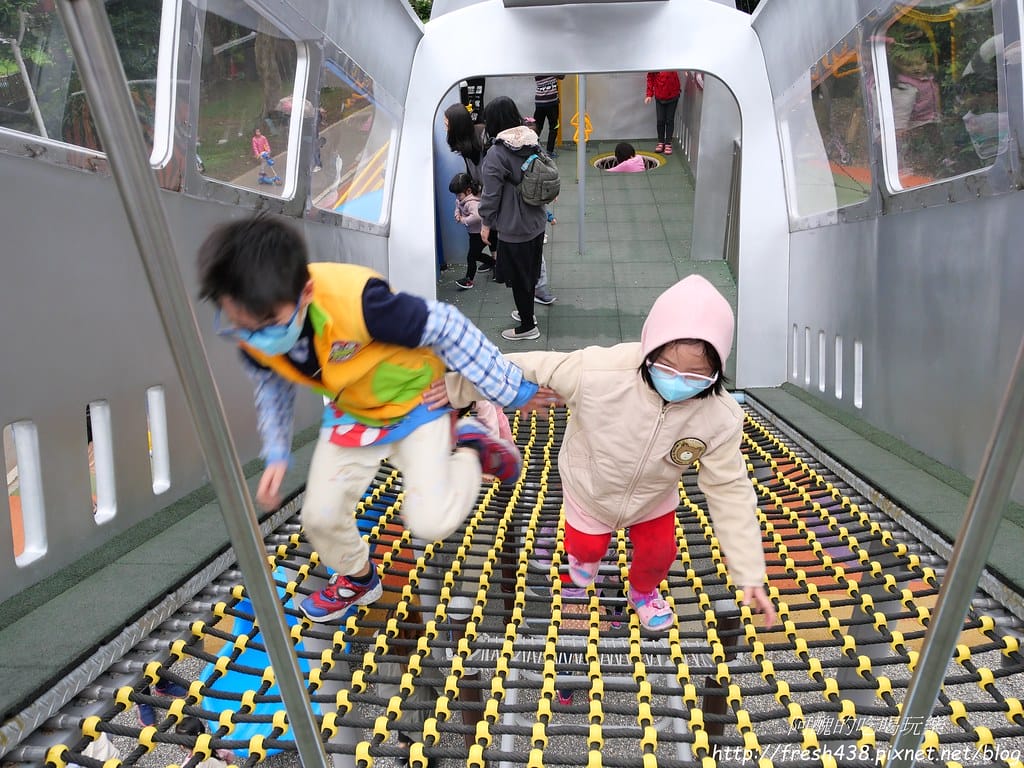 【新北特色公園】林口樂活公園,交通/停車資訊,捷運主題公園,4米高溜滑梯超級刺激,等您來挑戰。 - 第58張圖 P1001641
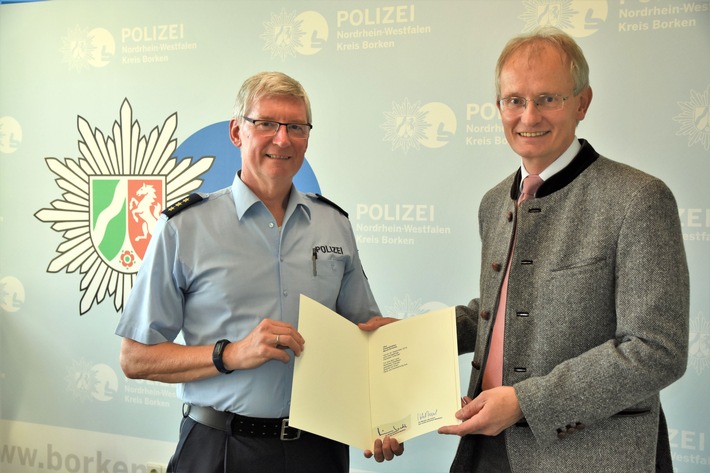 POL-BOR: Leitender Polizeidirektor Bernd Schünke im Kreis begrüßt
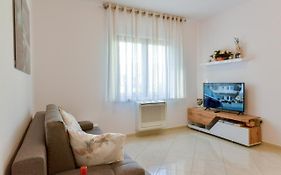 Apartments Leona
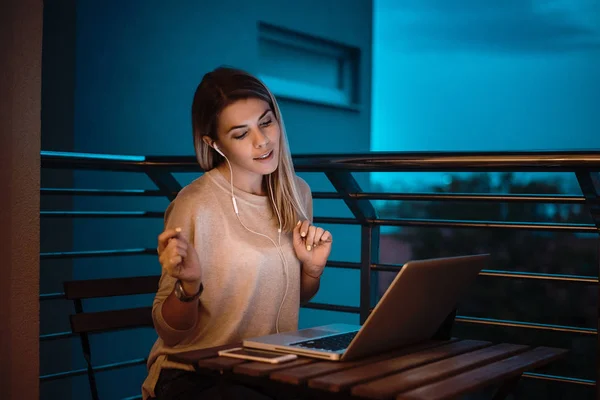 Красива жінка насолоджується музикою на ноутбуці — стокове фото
____________
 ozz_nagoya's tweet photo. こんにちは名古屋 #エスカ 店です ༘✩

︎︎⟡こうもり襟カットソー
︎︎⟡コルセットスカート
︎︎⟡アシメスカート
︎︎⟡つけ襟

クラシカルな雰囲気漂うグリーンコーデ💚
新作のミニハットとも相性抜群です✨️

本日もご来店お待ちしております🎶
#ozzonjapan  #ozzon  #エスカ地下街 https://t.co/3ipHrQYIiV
____________
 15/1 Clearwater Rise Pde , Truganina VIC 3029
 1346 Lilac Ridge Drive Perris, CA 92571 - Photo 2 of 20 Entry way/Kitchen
____________
Using the data above, retype exactly the lines from the line with "Apartments Leona" to the line with "Красива жінка насолоджується", inclusive. No pictures and nothing else.

* Written solution:
 Apartments Leona
 Красива жінка насолоджується музикою на ноутбуці — стокове фото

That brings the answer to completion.